Note that gearwheels 3 and 4 do not represent a gear stage, since the gears are on a common shaft. The speed of the two gears is therefore identical. Thus neither a change of the speed nor a change of the torque takes place. Therefore, this gear pair is not a gear stage.

## Overall transmission ratio

The torque increases as the speed decreases from stage to stage according to the transmission ratios calculated above. In the first gear stage, the torque of the gearbox input shaft is doubled. In the second gear stage, this doubled torque is now tripled. As a result, the torque after the second stage is 6 times higher than at the input shaft. Finally, in the third gear stage this 6 times greater torque is now quadrupled. The total torque at the output shaft of the gearbox is 24 times higher than the torque applied to the gearbox input shaft!

The reverse relationship applies to the speeds. This means, that the rotational speed between input and output of the gearbox is reduced by a factor of 24. Consequently, the input shaft must rotate 24 times for one revolution of the output shaft.
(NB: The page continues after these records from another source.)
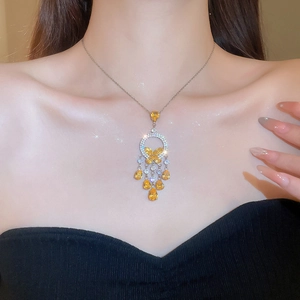 Close-up of butterfly pendant necklace with yellow drop stones on elegant female model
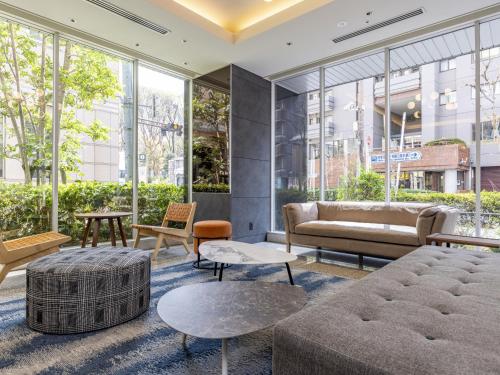 a living room with furniture and large windows at Tokyu Stay Nishi Shinjuku in Tokyo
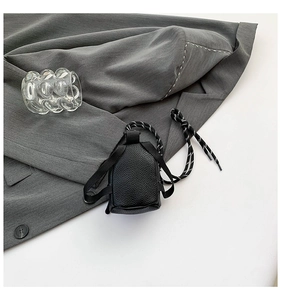 Close-up of mini black lychee texture crossbody bag with striped rope detail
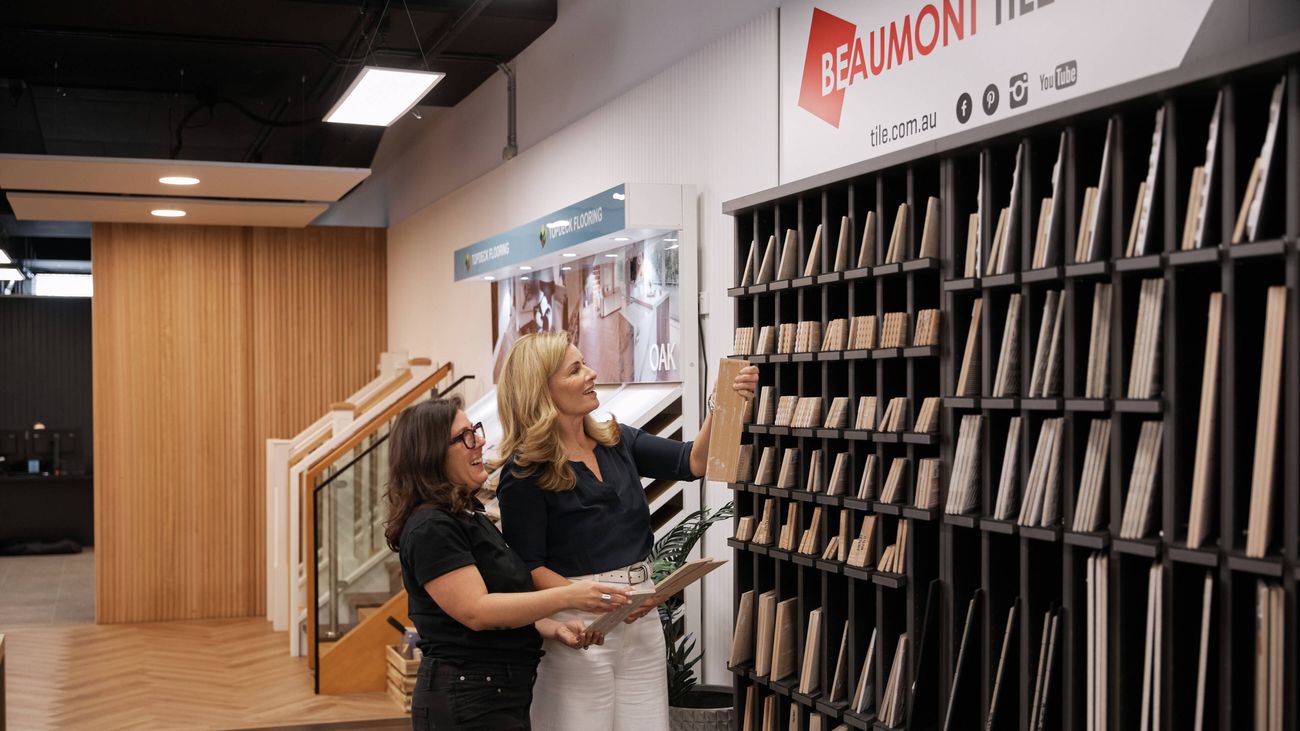 Deborah Hutton and a Bunnings Building Solutions Studio expert in a showroom with a tile sample display rack behind them.
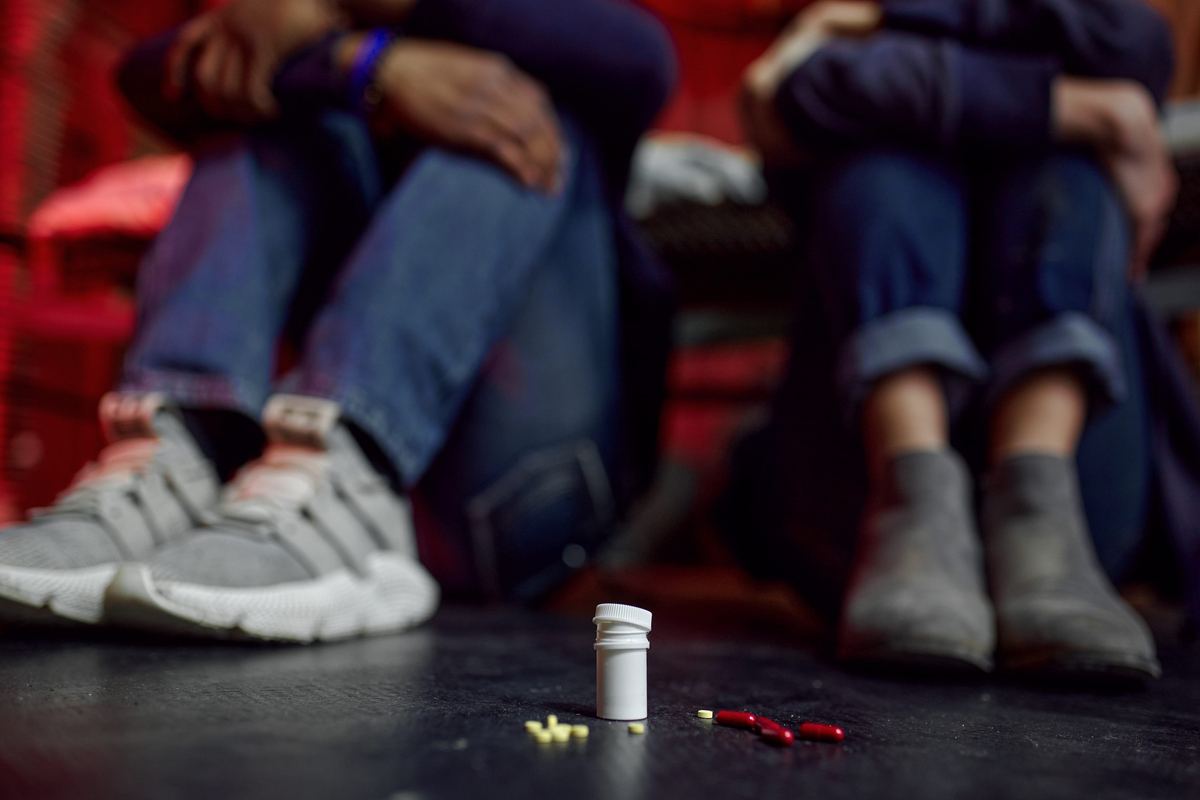 A pill bottle and loose capsules on the floor in front of two people seated on a couch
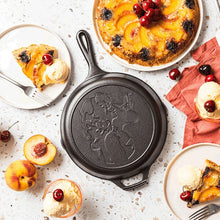 Seasoned cast iron skillet with etched Dolly portrait, shown among plated desserts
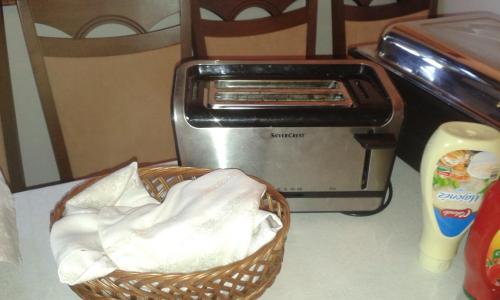 a basket next to a toaster and a toaster oven at Tiffán's Pincészet és Panzió in Villány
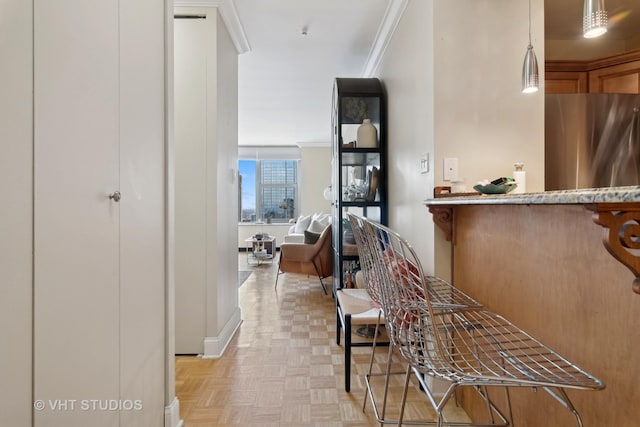 hallway with crown molding and light parquet floors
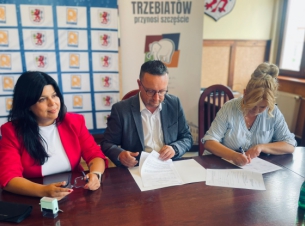 Beneficjenci grantów podpisuja umowy siedząc przy stole prezydialnym. 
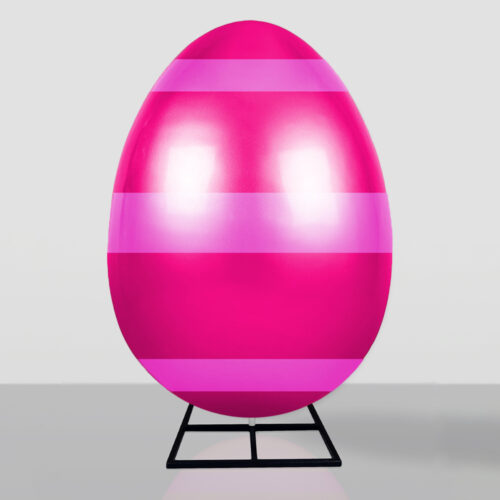 Large shiny pink egg with horizontal lighter pink stripes, standing upright on a black metal stand against a neutral background.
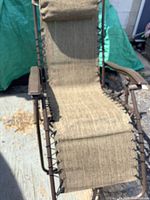 chair unfolded showing seat, frame, and headrest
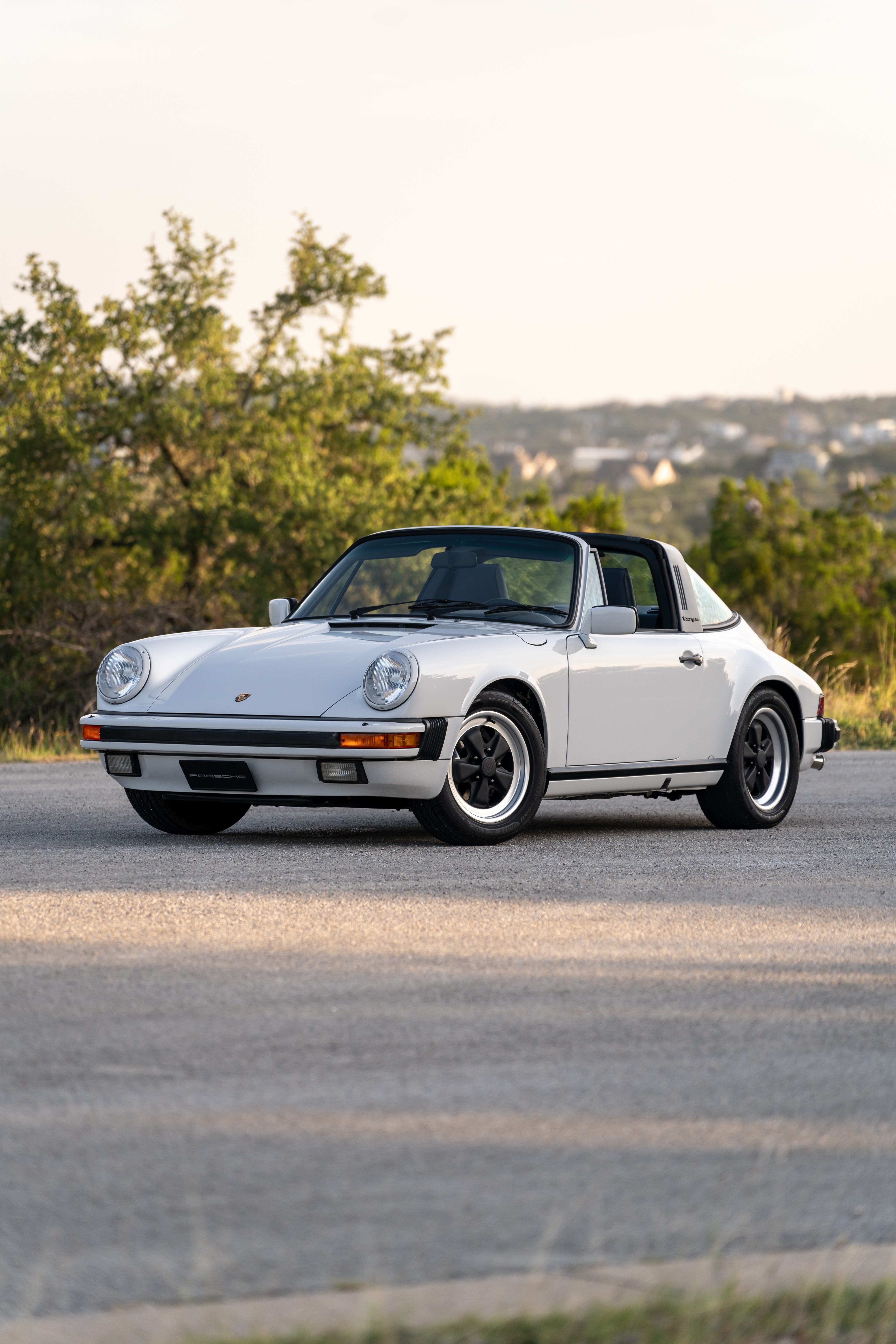 Marble Grey 1986 Porsche 911 Carrera Targa with blue interior shot in Austin, TX.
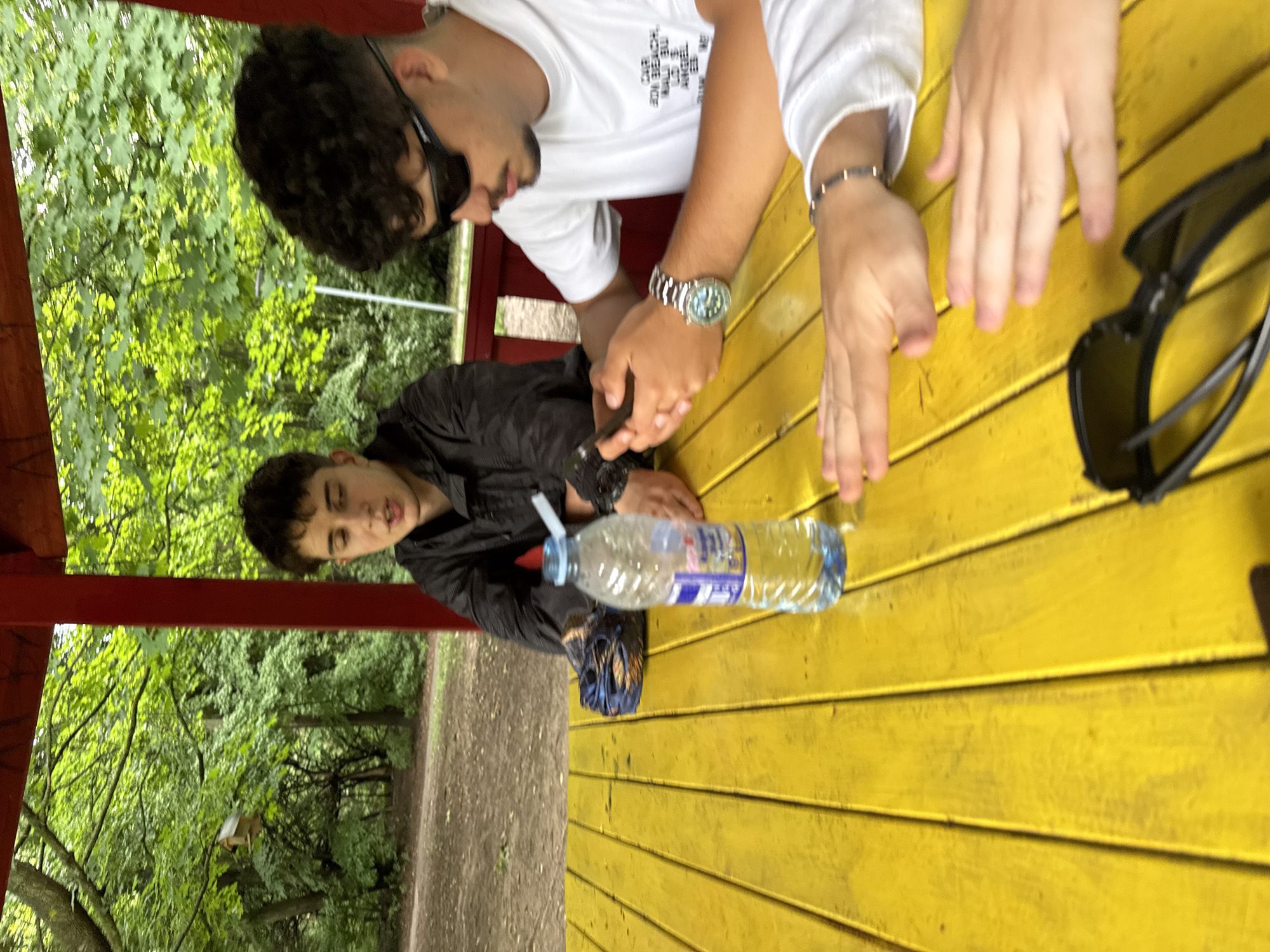 The image captures an outdoor scene featuring three individuals at a bright yellow wooden table, likely within a gazebo or open-air shelter with red structural beams. The background is lush with vibrant green foliage and trees, and a dirt path is visible, suggesting a park or natural area, consistent with the location context of Sofia, Bulgaria.
On the left, a young man with dark, curly hair and a beard wears a white t-shirt with a small, patterned text design on the chest. He has dark sunglasses resting on his head and a metallic watch with a blue face on his left wrist. He is leaning forward, with his right hand resting on a smartphone on the table.
To his right, another young man with dark hair, wearing a black jacket, is leaning on the table and looking towards the viewer with a slight open-mouthed expression. A clear plastic water bottle with a blue cap and a white straw is placed in front of him on the table.
Only the hands and forearms of a third person are visible on the far right of the table. One hand wears a dark beaded bracelet. A pair of black folded sunglasses lies near their hands on the yellow surface.
The scene is brightly lit, indicating daytime, possibly late morning or afternoon, with pleasant weather suitable for being outdoors. The overall atmosphere appears relaxed and casual, as the individuals seem to be taking a break or enjoying some downtime. Visible text includes the small, patterned design on the white t-shirt and illegible brand information on the water bottle label.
If only the gearbox input and the gearbox output are compared, then the entire transmission behaves like a single gear stage with a transmission ratio of 24. As this example shows, the *total transmission ratio* \(i_t\) of the entire gearbox can therefore be determined by multiplying the individual transmission ratios of the respective gear stages:

\begin{align}

\label{4}

&\boxed{i_t = i_1 \cdot i_2 \cdot i_3 \cdot \dots} \\[5px]

\end{align}

The overall transmission ratio of a gearbox results from the multiplication of the individual transmission ratios of the respective gear stages!

Since the transmission ratio of a gear stage depends on the ratio of the number of teeth involved, a change in the number of teeth on one of the gears generally results in a change of the overall transmission ratio.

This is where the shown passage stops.